First of all, the term "prisoner exchange" is a euphemism. Hizbullah is proposing to exchange one Israeli civilian, Elhanan Tennenbaum, whom they kidnapped after luring him to an Arab country, and the bodies of three kidnapped soldiers, Benny Avraham, Omar Sawayid, and Adi Avitan, whom they murdered in cold blood. The quid pro quo is supposed to be the release of hundreds of Lebanese and Palestinian terrorists Israel is holding. This is eerily reminiscent of the misguided 1986 swap in which 1,100 terrorists of the Ahmed Jibril terrorist organization held by Israel were exchanged for three Israeli prisoners captured in the 1982 Lebanon War.

An 11th-hour development over Rosh Hashana that should remind us how futile such exchanges are was the report that the Islamic Jihad terrorist who murdered a seven-month-old baby and a civilian adult in the settlement of Negohot had been released from Israeli custody only two months earlier. It was a ghastly reminder of how many of the Jibril terrorists released in 1986 went back to perpetrate murderous acts of anti-Israeli terror.

Politics may not be an exact science. But even if it is only a matter of trial and error, shouldn't our leaders be capable of learning from their own and their predecessors' mistakes?

But, say the supporters of the Hizbullah deal at any price, doesn't the redeeming of captured or kidnapped Jews rank among the highest of Jewish religious and secular mitzvot? As politically incorrect as it may be, the answer is, "No not necessarily; and certainly not at any price."

Already in the Talmud our sages ruled that Jewish captives should be ransomed, "but not above their worth." While the exact "worth" of a human being is moot, the wise inference is that there are limits on how much the Jewish collective should be prepared to pay for the redeeming of a fellow Jew.

IN MODERN, war-beset Israel we have very correctly adopted the value of going to very great lengths to free IDF prisoners. Asserting this value is essential both for army morale and for the confidence of soldiers' families.

It is also understandable that we do not trumpet the equally crucial limitations on that principle. "Great lengths" should indeed mean that, but should not extend to the probable sacrificing of the life of a potential rescuer to save a captive.

In the present situation we are dealing with a civilian prisoner who, on his own volition, traveled to an Arab country out of profit-oriented motives. We as a collective owe him and his family very little in the degree of peril we should assume in releasing murderers in exchange for his freedom.

It should be recalled that in the 1950s and '60s our leaders exhibited great patience until they could free the Egyptian Jews imprisoned following the 1954 Israeli espionage affair (esek habish) in exchange for thousands of Egyptian prisoners, including generals and many officers, from the 1967 war.

In exchange for the bodies of our three murdered soldiers we should pay nothing beyond a grudging and temporary desisting from killing their murderers.

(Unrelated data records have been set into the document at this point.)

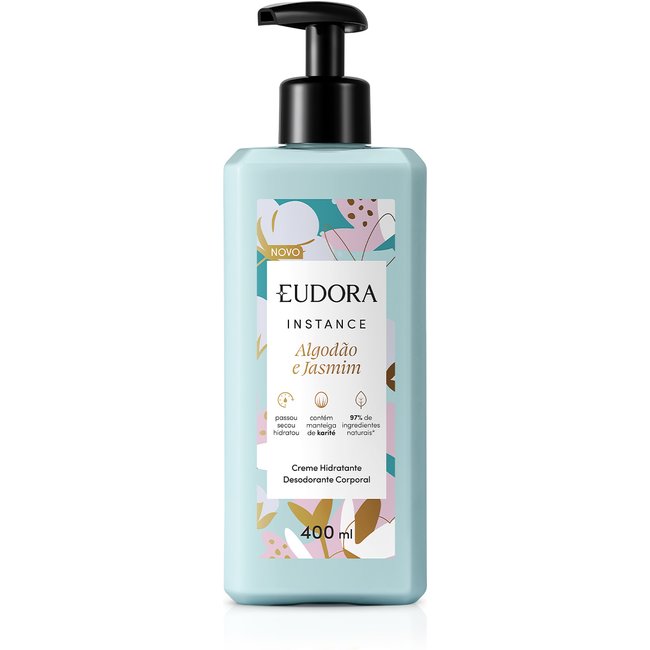 Eudora Instance Algodão e Jasmim - Creme Hidratante Desodorante Corporal 400ml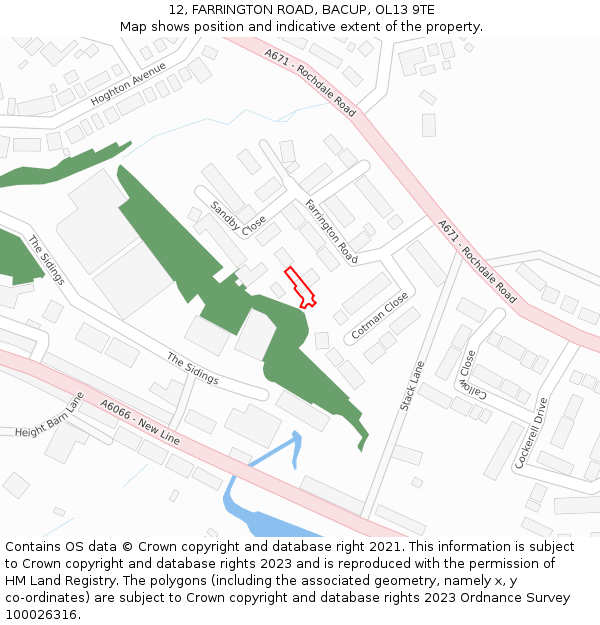 12, FARRINGTON ROAD, BACUP, OL13 9TE: Location map and indicative extent of plot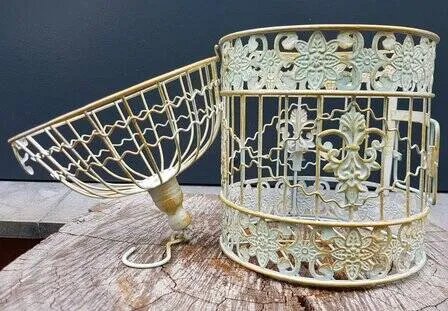 Piccola gabbia per uccelli rotonda classica in ferro battuto, Oggetti decorativi, Metallo, Verde, Rustic (foto 8 di 8)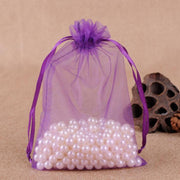 100 PCS Gift Bags Jewelry Organza Bag Wedding Birthday Party Drawable Pouches, Gift Bag Size:10x15cm(Dark Purple)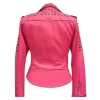 Womens-Golden-Studded-Pink-Biker-Leather-Jacket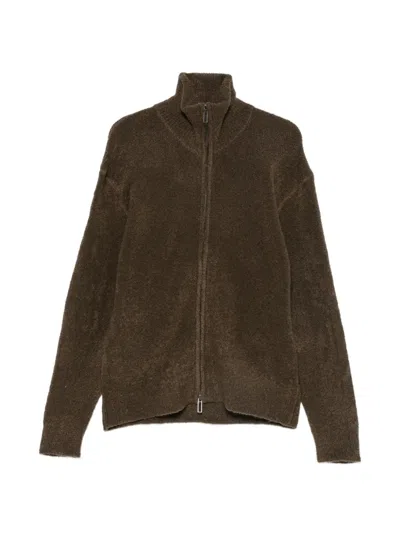 Paolo Pecora Bouclé-knit Zip-up Cardigan In Brown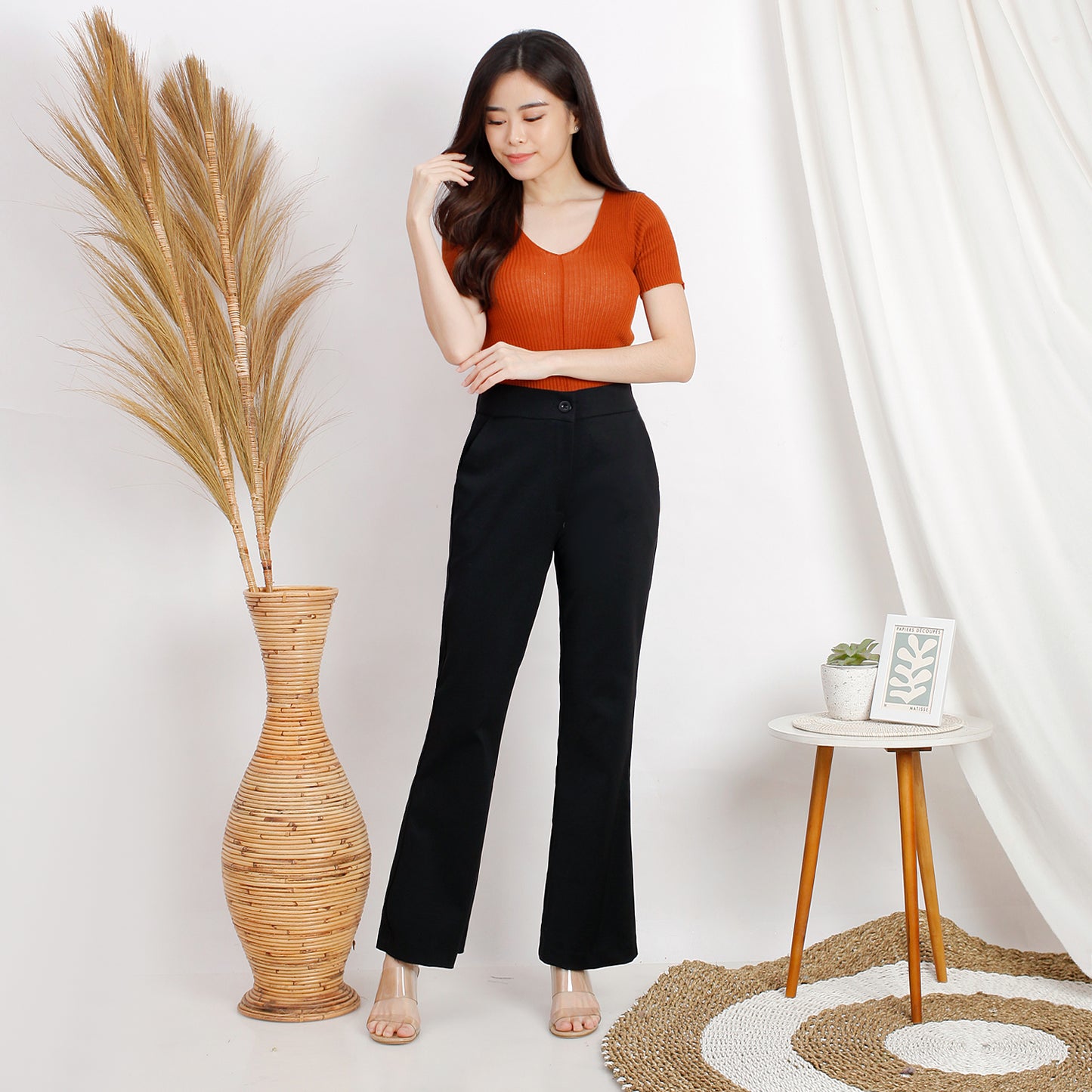 Katun HIghwaist Cutbray Stretch Premium Hitam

This admittedly flies in the face of the importance Jewish tradition has always accorded to giving all Jews Jewish burials. But in a new reality this tradition must be curtailed, even more than the far more crucial one of redeeming captives and saving lives.

In order to adopt such an approach, which emphasizes not imperilling the security of the many for the rescue of a few, it is essential that our leaders those who must confront the dilemmas involved and take the heartrending decisions be insulated as much as possible from pressure by captives' families, especially highly connected ones. Here a responsible media has an important role to play in not squeezing every last drop of emotion from the anguished families and then splashing it all over our papers and TV screens.

Our leaders should stop all the present prisoner exchange negotiations and wait for a more propitious time to free Tennenbaum. In the meantime, we must insist on monthly proof from the Red Cross as well as other international bodies and individual go-betweens that he is alive and relatively well. The absence of such proof should lead to immediate retaliation against the family members of the Hizbullah leadership.

The writer is a retired lecturer in political science and a veteran journalist.